Si sottolinea che la menzionata struttura militare era inconscia ricevente dei pacchi e che questi non erano mai penetrati all’interno della suddetta entità. Di conseguenza, gli orologi venivano effettivamente portati illegalmente sul territorio nazionale, eludendo le relative tasse di frontiera, i dazi e l’IVA all’importazione. Successivamente erano rialzati in maniera illegale anche a venditori nel campo, con l’intento di applicare prezzi inferiori sul mercato, compromettendo la concorrenza equa e danneggiando quindi i commercianti leali. Di conseguenza, le modalità di importazione degli orologi, come ricostruite dal Corpo della Guardia di Finanza di Varese, hanno permesso all’Autorità Giudiziaria di Busto Arsizio di rilevare il doppio stratagemma dell’indicazione artefatta del valore degli articoli e del destinatario finale. Il totale dei diritti di frontiera evasi è di circa 23 milioni di euro, suddivisi in IVA per oltre 22,9 milioni e dazi doganali per 50.000 euro. Costituiscono il guadagno illegale della frode fiscale perpetrata negli ultimi tre anni dall’indagato, sospettato di contrabbando aggravato, sanzione da 2 a 10 volte i diritti evasi, oltre la prigione da 3 a 5 anni e la confisca dei guadagni criminosi o dei beni a disposizione dell’accusato per un valore equivalente a tale profitto (cd. sequestro per equivalente).

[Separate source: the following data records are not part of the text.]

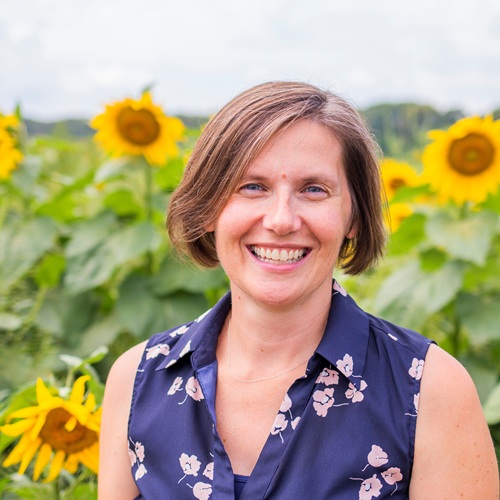 Carol Emmert, CVA
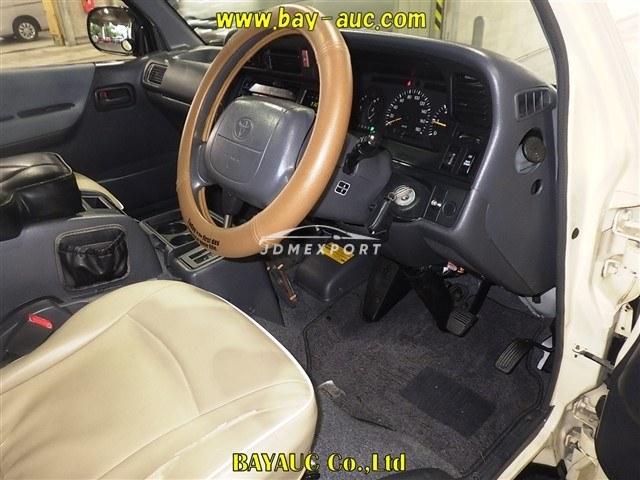 Toyota Regiusace Van 2001 thumbnail 3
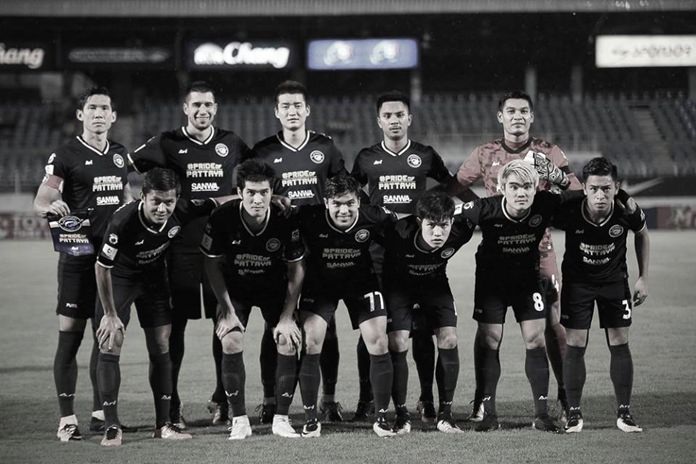 Pattaya United players pose for a team photo prior to the Thai Premier League game against Ubon UMT at the UMT Stadium in Ubon Ratchathani, Saturday, Oct. 14. (Photo/Pattaya United FC)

Sulla base di tale premessa, il giudice ha emesso un’ordinanza cautelare per il sequestro preventivo diretto ed equivalente di una somma pari ai dazi doganali evasi. Tale misura è stata rivolta verso gli individui sottoposti ad indagine e, qualora non fossero in grado di adempiere, gli spedizionieri coinvolti, fino a raggiungere l’importo totale della garanzia fornita alla Dogana per la modalità di “Transito Comunitario”. Di conseguenza, a seguito di un primo sequestro avvenuto nel mese di novembre, che ha coinvolto 1 milione di euro tra orologi, gioielli e denaro, è stato effettuato un secondo sequestro. Questo ha riguardato ulteriori fondi depositati nei conti bancari degli indagati, inclusi, questa volta, quelli delle due società coinvolte, per una quantità corrispondente al profitto illecito menzionato. L’attuale intervento della polizia finanziaria riflette l’impegno dell’organismo nel contrasto alle frodi doganali per proteggere le risorse del bilancio dell’Unione Europea e dello Stato. Questo sforzo mira anche a difendere le aziende oneste dalla concorrenza sleale di quelle aziende che introducono prodotti sul mercato a prezzi privi di tasse e dazi doganali evasi, e a proteggere i cittadini dall’ingresso di merci di origine e natura dubbia. Tuttavia, il procedimento penale è ancora in fase di indagine preliminare e, pertanto, si deve considerare il principio della presunzione di innocenza degli indagati fino al verdetto finale.